One student told us how much he likes being offered different ways to learn. He thinks of himself as an "audio guy," someone who learns better when he can hear the teacher's verbal explanations. Learning success also reinforces his confidence as a student. For these kinds of young people, the Wimba Voice tools we added carry a huge benefit.

My fellow Cyber Academy instructors have seen the benefits as well. One teacher told me she feels like a better and better-rounded instructor because she watched her students grades improve and their confidence increase along with their class participation. She also liked how our synchronous learning features helped ensure consistent rigor across courses and confirm students' mastery of subject matter.

The Challenges

The challenges that accompany solutions like those used by WPSD include funding and technical expertise. This is especially true in our Commonwealth of Pennsylvania where the public schools are administered by local, mostly small, school boards. For the schools in Philadelphia and Pittsburgh, funding for technology is less of a challenge given the scope of their systems. But for most of the state, enrollments and revenues are much lower. Thankfully, a nonprofit organization formed by educators is helping to forge coalitions and make technology-enabled learning more broadly available.

Blended Schools has brought together the resources of more than 130 Pennsylvania schools to help them deliver the benefits of education technology to their families.

Public school districts across Pennsylvania, outside of Philadelphia and Pittsburgh, serve an average of about 2,000 K-12 students. While the big-city systems and the county-wide school systems in neighboring states can individually support online and blended education programs, Blended Schools is helping smaller school districts keep pace.

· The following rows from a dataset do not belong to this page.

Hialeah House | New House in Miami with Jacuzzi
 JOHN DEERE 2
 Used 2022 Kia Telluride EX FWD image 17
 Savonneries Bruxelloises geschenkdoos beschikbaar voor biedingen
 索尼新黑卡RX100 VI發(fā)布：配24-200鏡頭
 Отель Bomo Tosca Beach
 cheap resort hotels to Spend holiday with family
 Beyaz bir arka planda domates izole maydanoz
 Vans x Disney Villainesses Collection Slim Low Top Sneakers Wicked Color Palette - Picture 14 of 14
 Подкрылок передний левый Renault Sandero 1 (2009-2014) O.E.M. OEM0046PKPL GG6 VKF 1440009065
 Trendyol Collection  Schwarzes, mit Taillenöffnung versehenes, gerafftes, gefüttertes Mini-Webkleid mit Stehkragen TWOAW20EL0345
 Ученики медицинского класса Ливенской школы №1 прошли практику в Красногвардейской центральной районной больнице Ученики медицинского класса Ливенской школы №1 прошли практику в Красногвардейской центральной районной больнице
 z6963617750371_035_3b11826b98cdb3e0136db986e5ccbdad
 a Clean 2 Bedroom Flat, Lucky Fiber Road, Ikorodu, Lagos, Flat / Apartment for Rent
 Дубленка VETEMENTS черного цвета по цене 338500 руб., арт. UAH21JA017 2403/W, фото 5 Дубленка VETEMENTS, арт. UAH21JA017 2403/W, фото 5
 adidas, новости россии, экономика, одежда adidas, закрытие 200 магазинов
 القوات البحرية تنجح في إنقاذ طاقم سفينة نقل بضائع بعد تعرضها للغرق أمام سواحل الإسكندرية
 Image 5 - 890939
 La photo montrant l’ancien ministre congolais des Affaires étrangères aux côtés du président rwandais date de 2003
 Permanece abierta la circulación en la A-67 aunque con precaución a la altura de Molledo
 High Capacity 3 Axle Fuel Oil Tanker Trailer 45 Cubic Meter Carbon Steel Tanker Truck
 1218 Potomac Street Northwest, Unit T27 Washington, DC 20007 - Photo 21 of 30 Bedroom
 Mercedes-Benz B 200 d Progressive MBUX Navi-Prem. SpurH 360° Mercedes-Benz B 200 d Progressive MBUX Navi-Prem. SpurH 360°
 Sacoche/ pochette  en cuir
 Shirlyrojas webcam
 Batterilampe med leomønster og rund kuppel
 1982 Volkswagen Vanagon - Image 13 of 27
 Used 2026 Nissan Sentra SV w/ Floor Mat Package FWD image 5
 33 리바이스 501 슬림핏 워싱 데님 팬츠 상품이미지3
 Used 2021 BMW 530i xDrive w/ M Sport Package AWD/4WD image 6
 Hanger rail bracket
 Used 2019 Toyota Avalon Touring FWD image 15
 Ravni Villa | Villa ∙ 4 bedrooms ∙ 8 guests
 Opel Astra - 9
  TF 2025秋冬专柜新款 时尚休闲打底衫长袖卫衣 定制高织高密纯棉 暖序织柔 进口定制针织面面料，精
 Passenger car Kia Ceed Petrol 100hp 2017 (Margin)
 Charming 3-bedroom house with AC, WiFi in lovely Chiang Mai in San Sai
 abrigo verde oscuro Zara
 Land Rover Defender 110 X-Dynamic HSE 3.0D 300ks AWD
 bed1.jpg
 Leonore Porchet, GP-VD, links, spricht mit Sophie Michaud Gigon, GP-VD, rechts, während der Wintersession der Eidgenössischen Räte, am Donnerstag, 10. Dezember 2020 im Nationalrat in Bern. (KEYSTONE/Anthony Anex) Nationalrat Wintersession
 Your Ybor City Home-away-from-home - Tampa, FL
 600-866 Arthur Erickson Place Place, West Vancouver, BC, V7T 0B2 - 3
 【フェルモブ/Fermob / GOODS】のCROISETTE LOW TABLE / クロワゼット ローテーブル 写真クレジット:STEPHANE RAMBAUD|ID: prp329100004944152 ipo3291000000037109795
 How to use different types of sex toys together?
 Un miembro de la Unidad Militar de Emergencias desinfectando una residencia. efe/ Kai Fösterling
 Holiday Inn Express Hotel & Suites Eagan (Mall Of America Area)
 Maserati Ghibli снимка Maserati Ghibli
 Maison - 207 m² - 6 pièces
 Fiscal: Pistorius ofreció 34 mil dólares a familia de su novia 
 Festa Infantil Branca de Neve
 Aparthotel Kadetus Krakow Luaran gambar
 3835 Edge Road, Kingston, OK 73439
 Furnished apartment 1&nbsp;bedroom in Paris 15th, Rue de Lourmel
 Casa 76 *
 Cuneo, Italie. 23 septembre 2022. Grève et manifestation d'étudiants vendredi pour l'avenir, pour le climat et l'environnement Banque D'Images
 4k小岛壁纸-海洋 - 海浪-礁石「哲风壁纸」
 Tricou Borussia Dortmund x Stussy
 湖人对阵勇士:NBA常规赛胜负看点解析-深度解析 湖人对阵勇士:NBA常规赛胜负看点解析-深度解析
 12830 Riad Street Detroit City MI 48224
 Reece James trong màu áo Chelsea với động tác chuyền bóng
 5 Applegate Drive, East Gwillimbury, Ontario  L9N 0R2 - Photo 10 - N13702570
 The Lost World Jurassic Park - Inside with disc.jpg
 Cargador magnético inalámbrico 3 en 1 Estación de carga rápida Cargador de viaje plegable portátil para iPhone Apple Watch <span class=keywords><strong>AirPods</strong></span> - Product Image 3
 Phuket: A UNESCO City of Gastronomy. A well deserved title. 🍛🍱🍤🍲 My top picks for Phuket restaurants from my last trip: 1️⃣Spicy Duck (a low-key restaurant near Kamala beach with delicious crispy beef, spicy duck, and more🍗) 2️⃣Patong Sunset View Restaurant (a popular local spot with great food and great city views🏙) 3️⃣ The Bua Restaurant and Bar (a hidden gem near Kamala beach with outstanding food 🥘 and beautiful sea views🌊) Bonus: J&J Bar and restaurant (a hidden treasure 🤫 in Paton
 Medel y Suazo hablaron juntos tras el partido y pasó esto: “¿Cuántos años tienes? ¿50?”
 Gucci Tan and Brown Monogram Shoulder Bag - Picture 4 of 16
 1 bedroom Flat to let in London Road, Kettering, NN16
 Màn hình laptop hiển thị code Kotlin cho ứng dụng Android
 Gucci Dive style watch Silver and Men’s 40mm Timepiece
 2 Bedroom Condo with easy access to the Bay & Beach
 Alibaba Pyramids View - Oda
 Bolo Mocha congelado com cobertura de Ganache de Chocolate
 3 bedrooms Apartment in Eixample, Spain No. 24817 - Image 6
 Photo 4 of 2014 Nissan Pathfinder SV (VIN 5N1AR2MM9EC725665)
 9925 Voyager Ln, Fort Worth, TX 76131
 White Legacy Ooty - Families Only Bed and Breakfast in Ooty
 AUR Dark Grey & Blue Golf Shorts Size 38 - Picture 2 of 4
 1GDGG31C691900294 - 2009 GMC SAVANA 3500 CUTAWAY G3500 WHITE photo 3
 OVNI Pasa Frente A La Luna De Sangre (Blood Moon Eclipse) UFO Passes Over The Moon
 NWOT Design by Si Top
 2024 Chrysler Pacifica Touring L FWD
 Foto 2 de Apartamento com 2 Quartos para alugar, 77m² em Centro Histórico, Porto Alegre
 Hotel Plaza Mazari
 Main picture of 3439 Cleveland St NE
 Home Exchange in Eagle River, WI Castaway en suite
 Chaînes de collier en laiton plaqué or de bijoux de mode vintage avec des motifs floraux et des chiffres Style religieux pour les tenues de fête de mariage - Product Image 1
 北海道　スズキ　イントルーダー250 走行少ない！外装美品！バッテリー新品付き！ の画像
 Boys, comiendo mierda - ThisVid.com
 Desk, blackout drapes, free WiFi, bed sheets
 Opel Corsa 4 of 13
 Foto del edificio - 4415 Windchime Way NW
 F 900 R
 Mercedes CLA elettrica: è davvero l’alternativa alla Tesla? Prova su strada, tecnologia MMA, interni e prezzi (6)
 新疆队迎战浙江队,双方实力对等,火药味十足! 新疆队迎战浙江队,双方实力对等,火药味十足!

In return, they get to witness the difference technology is making broadly across our state, making big differences in the lives of the students served. Blended Schools has examined and assembled the best tools to create turnkey technical solutions so we, the schools, can stay focused on helping students succeed.

It's About the Students

The focus on students is making the difference. Cyber Academy administrators find the system highly motivational for students, and praise its inclusive qualities. Regardless of the reasons the traditional classroom doesn't adequately serve every child, the academy has been able to engage students who might otherwise be left behind. Our administrators are emphatic that technology-enhanced education helps a diverse set of students better prepare for life after high school, whether it involves college or work. We're looking closely at how we're preparing our students for both work and higher education experiences, and this technology is a great way to do those things.

What's really exciting about Cyber Academy is how, with the help of Blended Learning, we've been able to re-create through technology much of the person-to-person interaction that makes the classroom such a vibrant place for learning. Whether it's Wimba Voice that enables online students to actually hear their teachers and interact with other students, or the other products that translate classroom interaction through the desktop, the results are the same; we're able to reach more kids and keep them engaged in learning. That's what the makers of these technologies are enabling.

Wimba tells us that our success illustrates the excitement of their work in K-12: that watching students get more engaged in learning—seeing people's lives touched—is both gratifying and inspiring. I heartily agree.

Any policy or technology or anything else that helps a student achieve more is a huge benefit in my view. Ask any teacher and you'll probably hear a similar response.